RD&I

Polyurethane Recycling

Cycle for foams

A new process could solve one of the major waste problems of our time: It turns old polyurethane foams back into valuable raw materials. 

Polyurethane (PU) is a particularly versatile and high-performance plastic. It is used when resistance and durability are required. It is particularly suitable for foams that insulate or cushion. In house facades, refrigerators, car seats or mattresses, for example, such foams are usually in use for many years. Unfortunately, however, they can hardly be recycled afterwards. In the EU alone, for example, around 40 million mattresses end up in landfills or incinerators every year. That has to change.

Successful feat

Together with our colleagues from the Comfort & Insulation business line and Process Engineering, we have developed a process that allows polyurethane to be chemically recycled. Typical PU foams for mattresses are produced by reacting isocyanate (TDI) with polyether polyol and water and adding various additives. As a by-product, CO2 is released, which foams the matrix before the polymer hardens - similar to the way a cake rises in the oven. As difficult as it is to turn a cake back into butter, eggs, flour and sugar, it is also difficult to reverse the polymerization of a foam mattress - actually. However, we succeeded in this feat: Shredded old mattresses are chemically decomposed for this purpose in a hydrolysis reactor using heat, pressure and special catalysts, and then processed into pure amine, the direct precursor of isocyanate, and polyol - the basic ingredients of polyurethane.

Completely new territory

Evonik has long been the leading manufacturer of additives and catalysts for the production of PU foams. It is only thanks to such process auxiliaries that foaming and thus the properties of the finished foam can be precisely controlled.
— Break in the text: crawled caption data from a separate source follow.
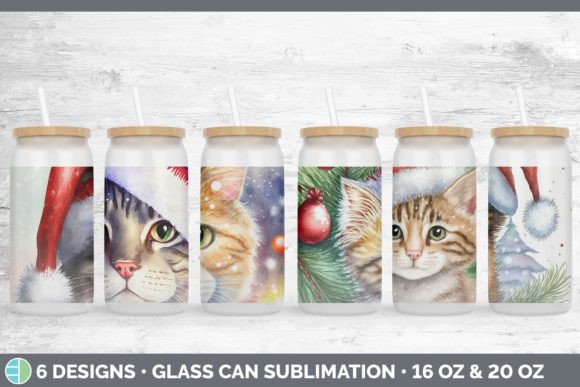 Christmas Cat Glass Can Sublimation Be Illustrations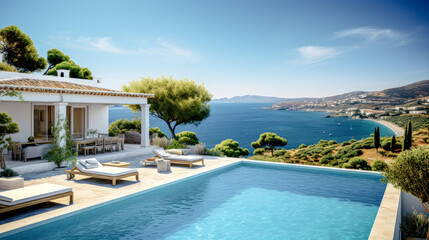 Fototapeta na wymiar House Villa with Pool in Mediterranean Style in the South of Europe Wallpaper Background Brainstorming Generative AI Digital Art Illustration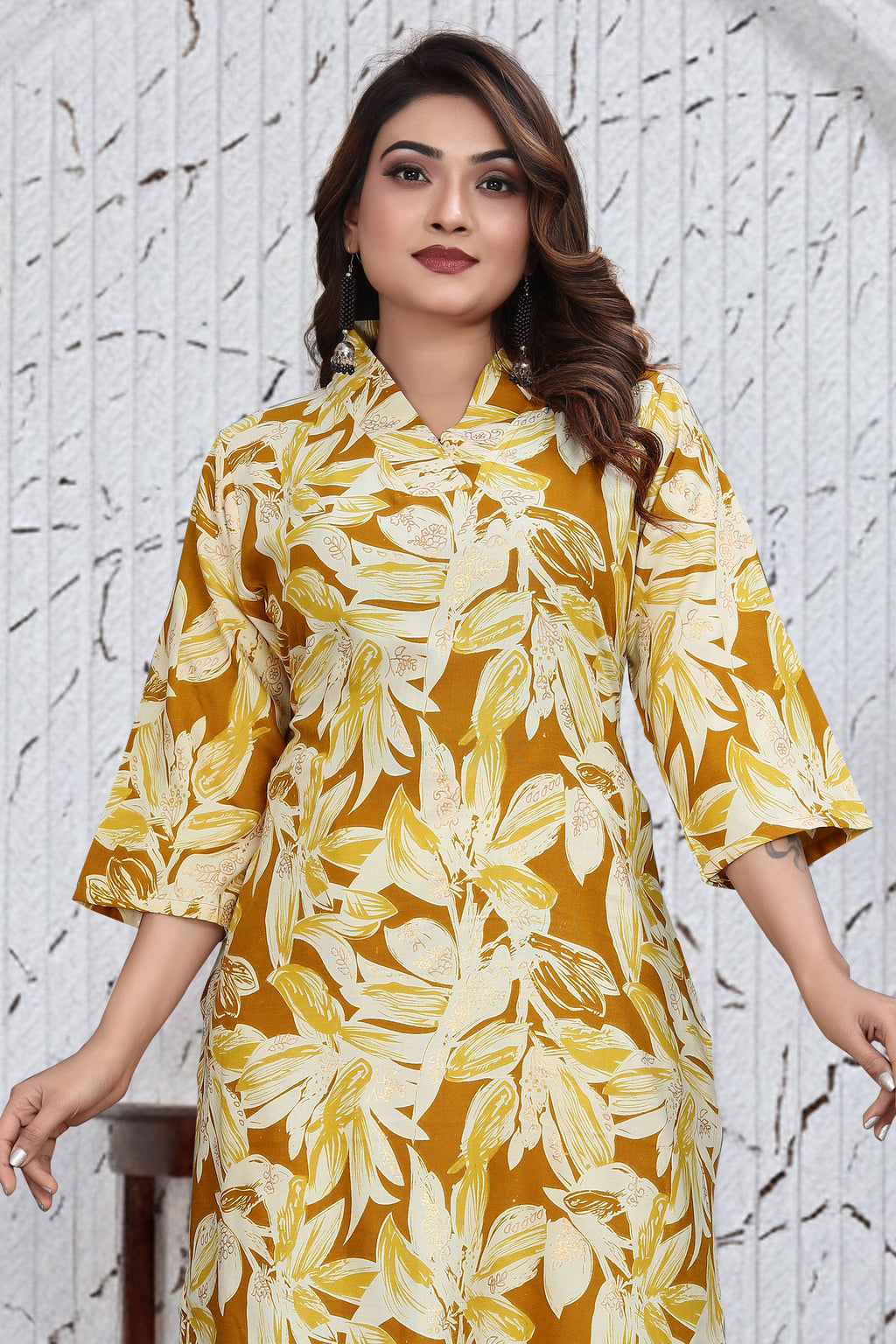 Mustard Yellow Floral Co-Ord Kurti Set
Accordingly, Evonik's Comfort & Insulation Business Line knows the processes and the market very well. "Developing the recycling process was completely new territory for us," says Emely Schweissinger, Project Lead and Technology Manager in the Product Line Comfort. "However, our competencies in Creavis make it possible to tackle completely new innovation projects as well." To this end, as the Group's business incubator, we link new research with practical user knowledge from the business. With success, as it turns out.

First pilot plant

The first pilot plant capable of recycling large quantities of mattresses is due to go on stream shortly in Hanau. Scalability is crucial: plastics play an important role in the circular economy. An EU regulation commonly known as the "Plastics Directive" stipulates that from 2025 onwards, certain plastic products must consist of a quarter recycled material. To be sure, this still applies primarily to single-use packaging. But durable products such as mattresses and other PU applications will inevitably follow suit. It is therefore important to make solutions ready for practical use now.